It was good while it lasted. As China opened its economy to market reforms and foreign goods over the past three decade, the Chinese developed a taste for many things, including German cars. But now the Chinese economy is losing steam, and its people aren’t as enamored of BMW’s and Volkswagens as they used to be.
Making things worse for Germany, Trump has pursued his “America First” agenda, which has thrown some cold water on global trade in general.
The slowdown is not helping at a challenging time for Germany. Its economy contracted 0.1% in the second quarter and some analysts expect third-quarter gross domestic product (GDP) data due on Nov. 14 to show a similar decline – which would leave the economy in recession for the first time since 2013.
To be clear, German trade with China is a small part of the country’s $3.8 trillion economy, but it steadily grew, making it important at the margin.
Now, with growth in Chinese demand for goods “Made In Germany” ebbing, and by some measures falling, the once lucrative export market is proving less supportive as the economy stagnates.
Axel Mattern, a senior manager at the Port of Hamburg, said:
“China is our most important trading partner but the future trend is hard to predict.”
Some industrialists say politicians who looked past human rights abuses in China in the hope trade would turn the Asian country into a Western-style state with an open economy and equal market access were deluded.
Federation of German Industry’s (BDI) Stefan Mair, a leading advocate for a more pragmatic German policy towards China, said:
“That turned out to be wishful thinking.”
The fantasy wasn’t restricted to Germany.
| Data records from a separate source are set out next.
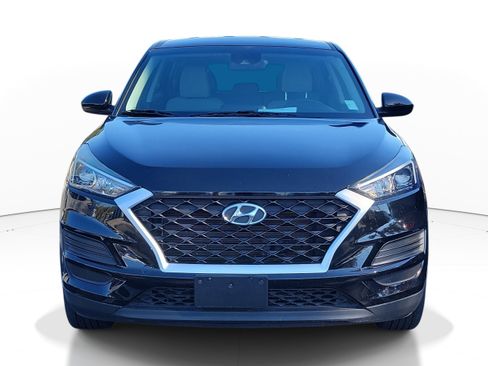 Used 2019 Hyundai Tucson SE image 2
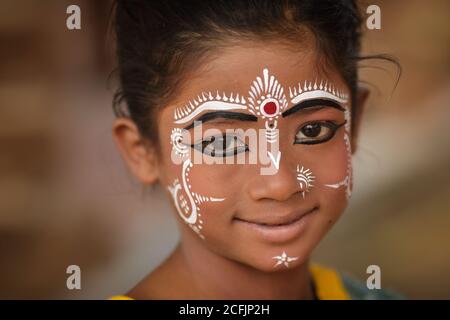 Junge Gotipua-Tänzerin im traditionellen Handwerksdorf Raghurajpur in der Nähe von Puri, Odisha, Indien Stockfoto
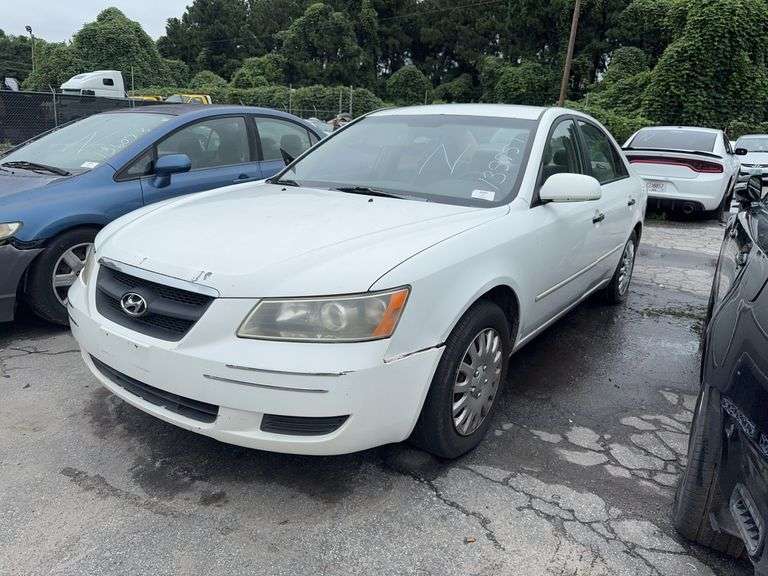 . 2008  HYUNDAI  SONATA  5NPET46C28H329755
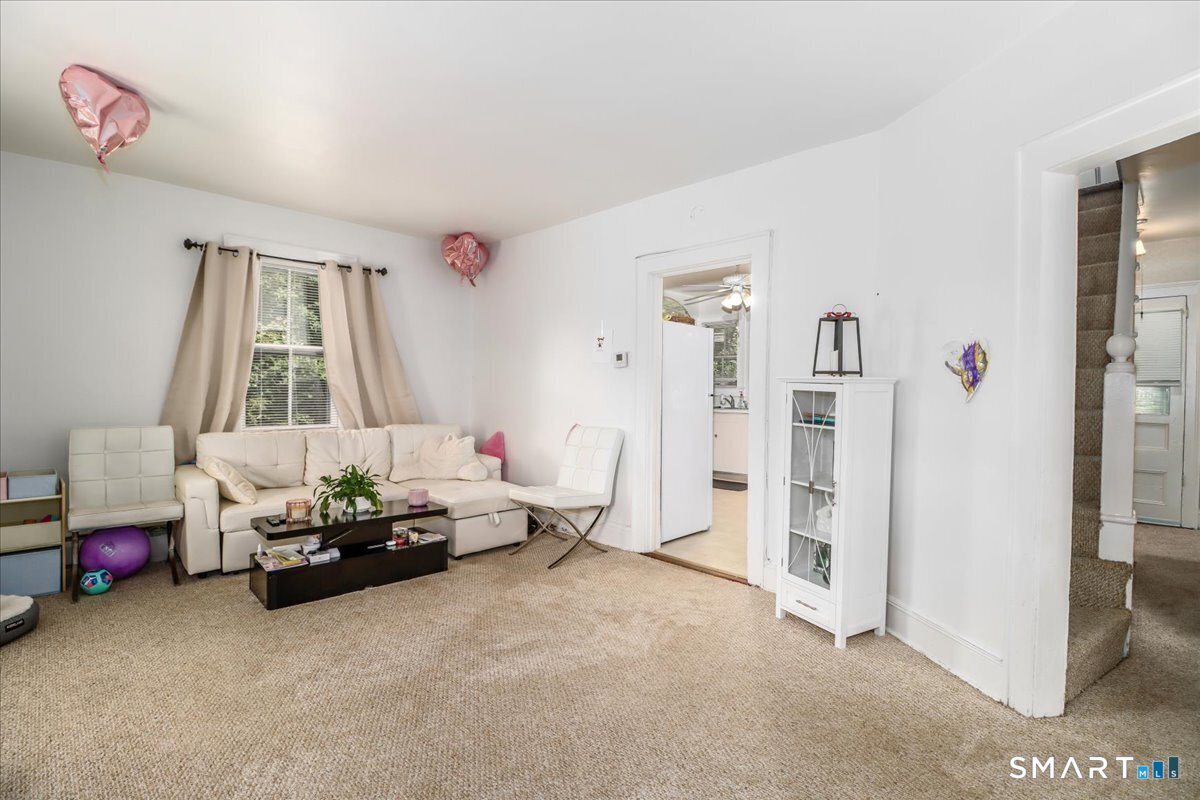 61 Smith Ridge Road New Canaan CT 06840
U.S. President George W. Bush supported adding China to the WTO for the same reason, thinking the country would bend toward Western norms. It didn’t work. They sold us a lot of their stuff as the West sent them a lot of cash, but the country is arguably more authoritarian today than it has been in 20 years.
The International Monetary Fund downgraded its growth forecast for Germany’s economy last month to 0.5% in 2019 and 1.2% in 2020, saying in its World Economic Outlook that weaker Chinese demand was one factor behind a broader slowdown in industrial output, along with the fallout from trade tensions.